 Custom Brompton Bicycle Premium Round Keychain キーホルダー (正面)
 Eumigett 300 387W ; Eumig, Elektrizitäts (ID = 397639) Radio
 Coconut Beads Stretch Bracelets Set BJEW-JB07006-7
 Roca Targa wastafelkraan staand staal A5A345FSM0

========================================

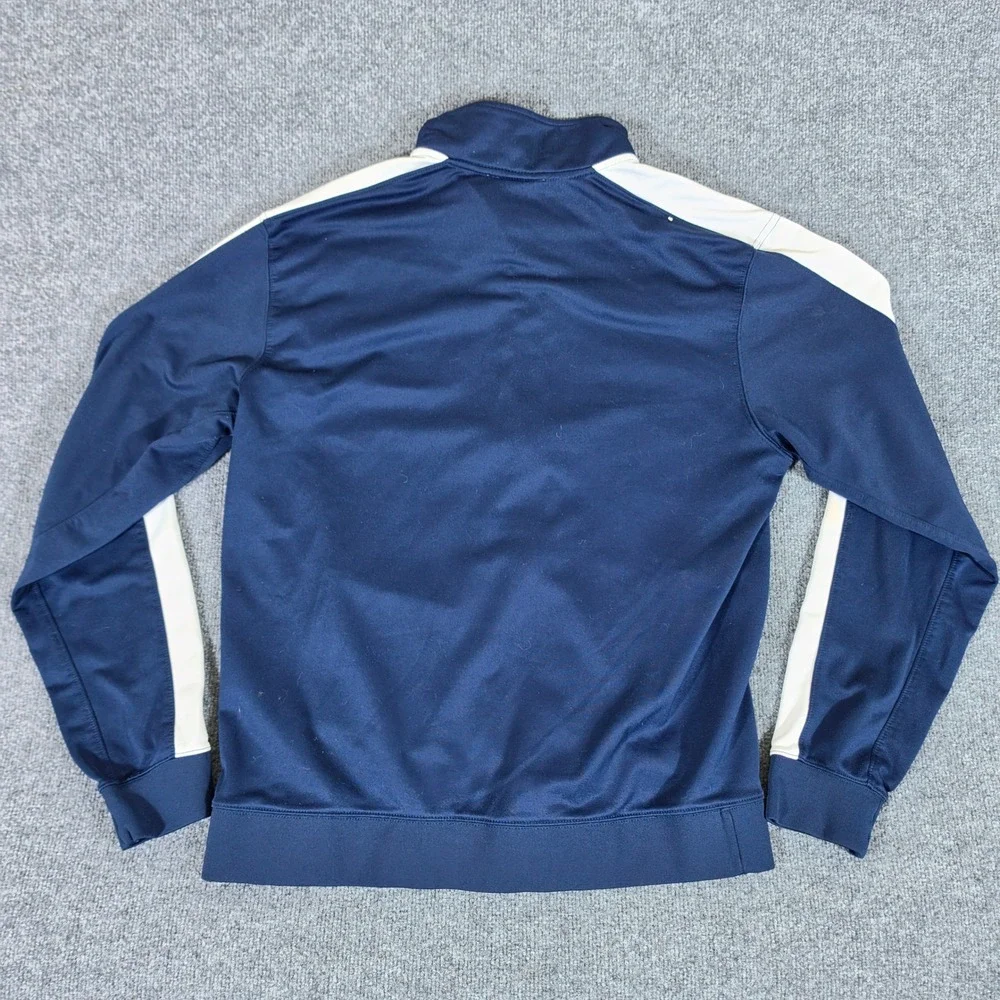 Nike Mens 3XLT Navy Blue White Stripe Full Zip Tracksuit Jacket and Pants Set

========================================

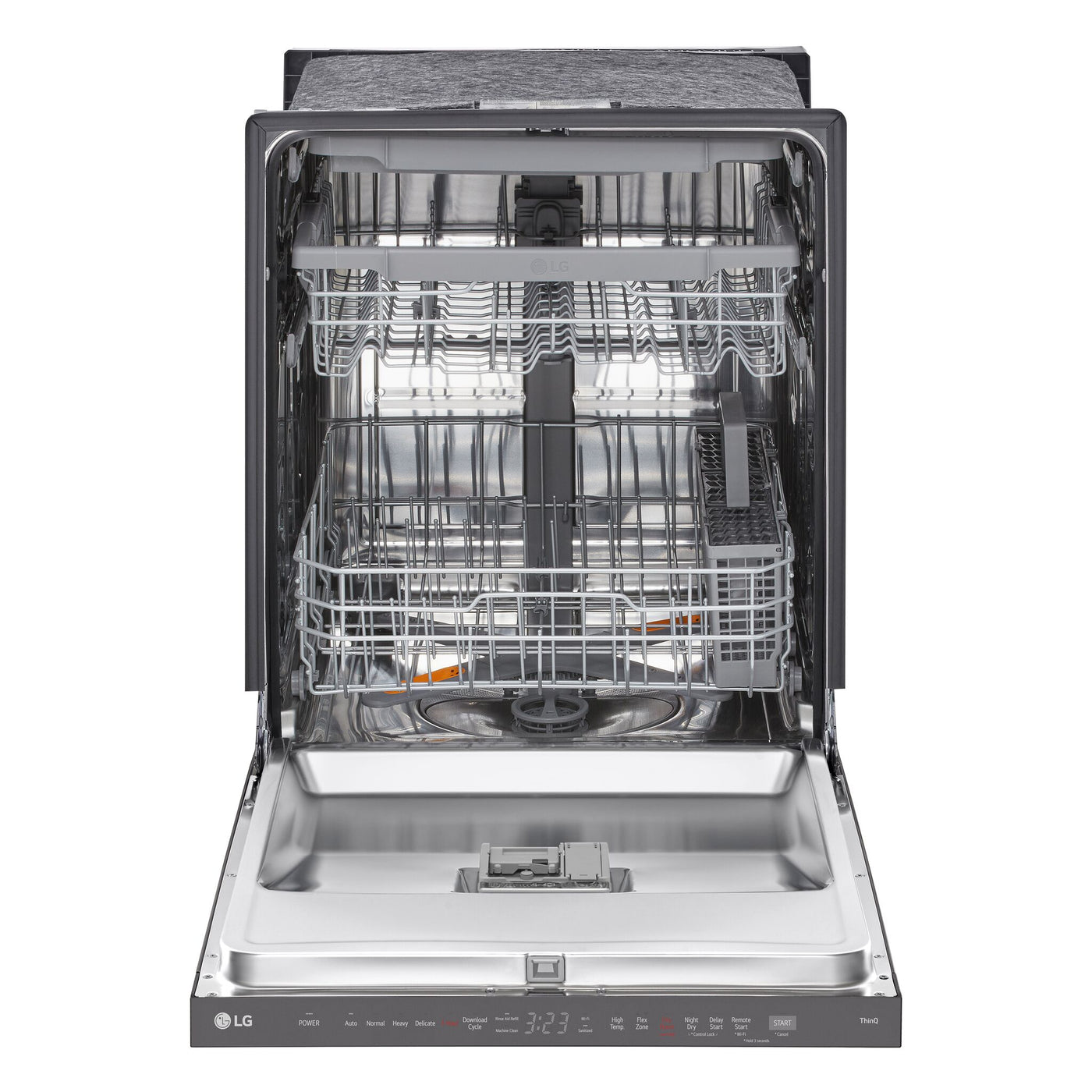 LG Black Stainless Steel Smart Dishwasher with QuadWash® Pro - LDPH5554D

========================================

About this exercise> Print exactly the lines of the listing above starting at the line containing "Coconut Beads Stretch" and ending at the line containing "Roca Targa wastafelkraan", both included.

Response>
 Coconut Beads Stretch Bracelets Set BJEW-JB07006-7
 Roca Targa wastafelkraan staand staal A5A345FSM0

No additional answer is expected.